• **EXERCISE**: Your answer must be an exact copy of the data, without any pictures.

• **GIVEN MATERIAL**:
>>>
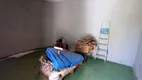 Foto 49 de Sobrado com 3 Quartos à venda, 186m² em Vila Aurora, São Paulo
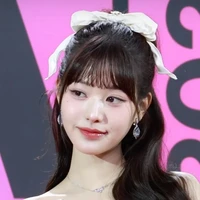 Kim wonyoung(putri pungut )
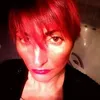 vanessaquondamang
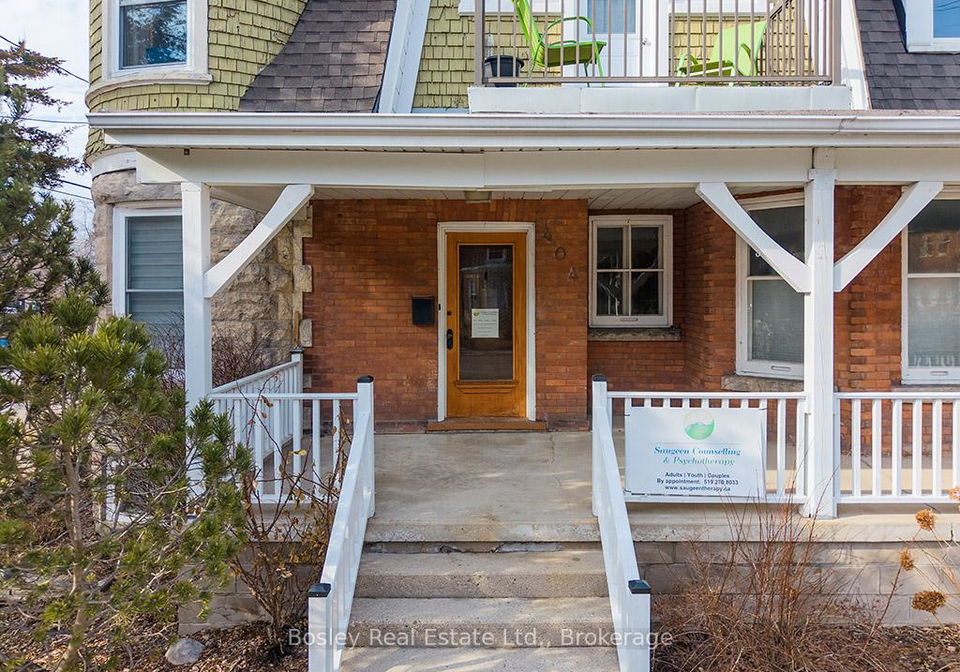 404-9th-street-e-owen-sound-ontario-x13163434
<<<
• **EXERCISE RESPONSE**:
 Foto 49 de Sobrado com 3 Quartos à venda, 186m² em Vila Aurora, São Paulo
 Kim wonyoung(putri pungut )
 vanessaquondamang
 404-9th-street-e-owen-sound-ontario-x13163434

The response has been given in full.